■ PROMPT ■
No pictures go in the copy; retype exactly the lines from the one with "Rolson Rolson 10780" through the last line of the records.

+---+

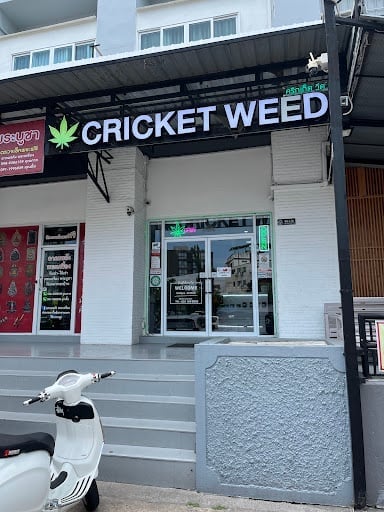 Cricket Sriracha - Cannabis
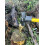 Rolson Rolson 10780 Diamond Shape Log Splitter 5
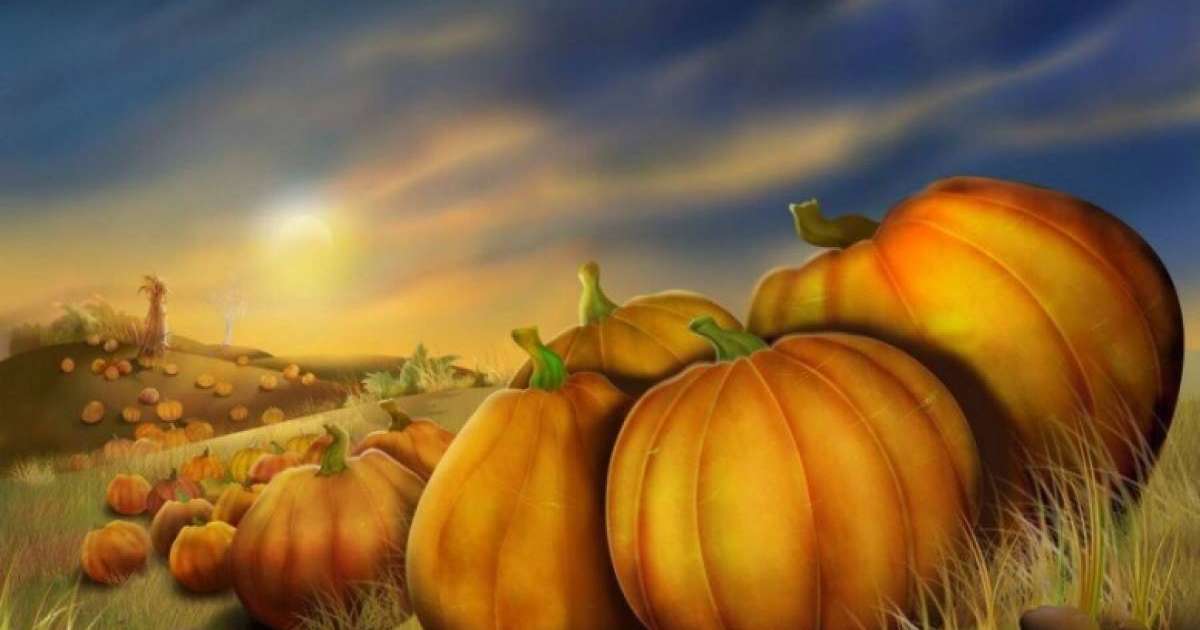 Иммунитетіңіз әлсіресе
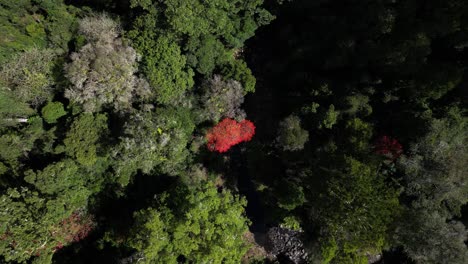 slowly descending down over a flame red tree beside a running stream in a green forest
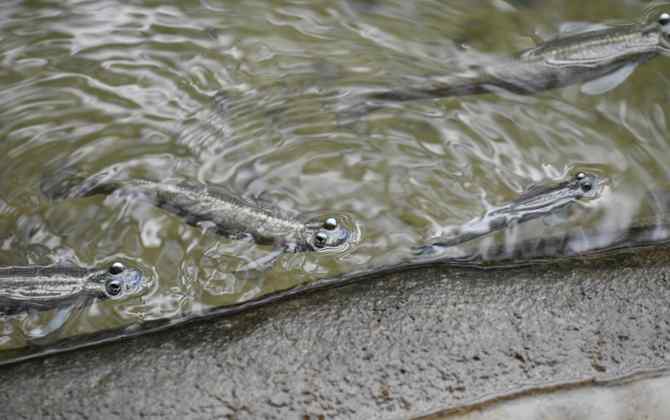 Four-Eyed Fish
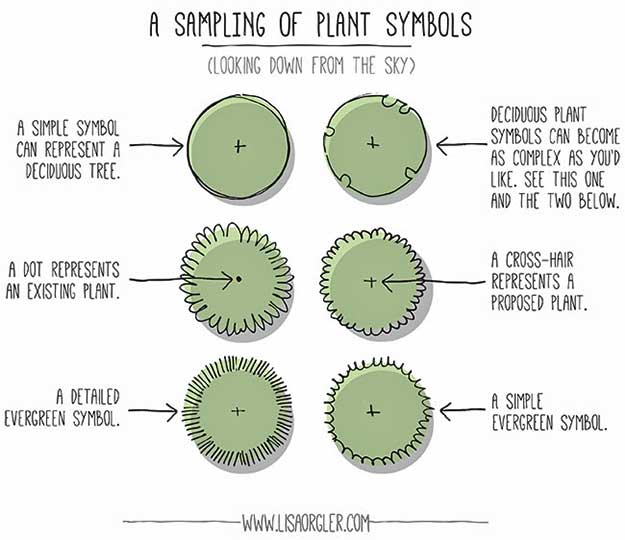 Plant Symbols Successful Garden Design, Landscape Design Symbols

+---+

■ ANSWER FOR THE TASK ■
 Rolson Rolson 10780 Diamond Shape Log Splitter 5
 Иммунитетіңіз әлсіресе
 slowly descending down over a flame red tree beside a running stream in a green forest
 Four-Eyed Fish
 Plant Symbols Successful Garden Design, Landscape Design Symbols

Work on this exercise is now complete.